§ Exercise directions:
Begin with the line below holding "30x40-şekiller oda-05 Eğitici" and go on through the line holding "Protesters calling for", duplicating each line exactly and leaving out pictures.

--- Data to examine ---

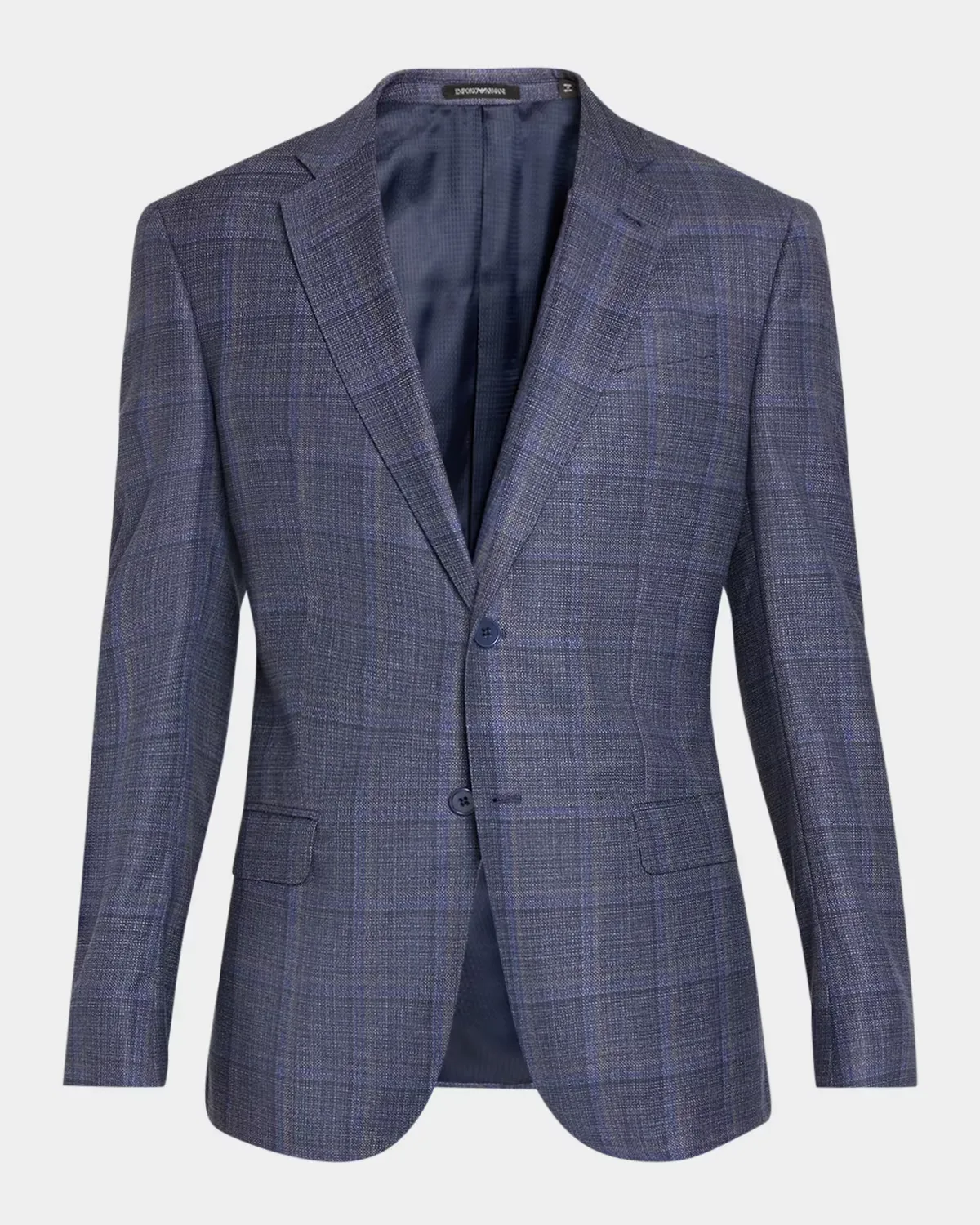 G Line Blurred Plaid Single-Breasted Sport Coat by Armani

---
--- Data to examine ---

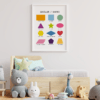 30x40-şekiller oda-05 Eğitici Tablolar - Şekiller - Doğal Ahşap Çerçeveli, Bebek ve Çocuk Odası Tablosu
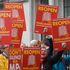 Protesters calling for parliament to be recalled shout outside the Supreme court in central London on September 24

---

§ Problem solution:
 30x40-şekiller oda-05 Eğitici Tablolar - Şekiller - Doğal Ahşap Çerçeveli, Bebek ve Çocuk Odası Tablosu
 Protesters calling for parliament to be recalled shout outside the Supreme court in central London on September 24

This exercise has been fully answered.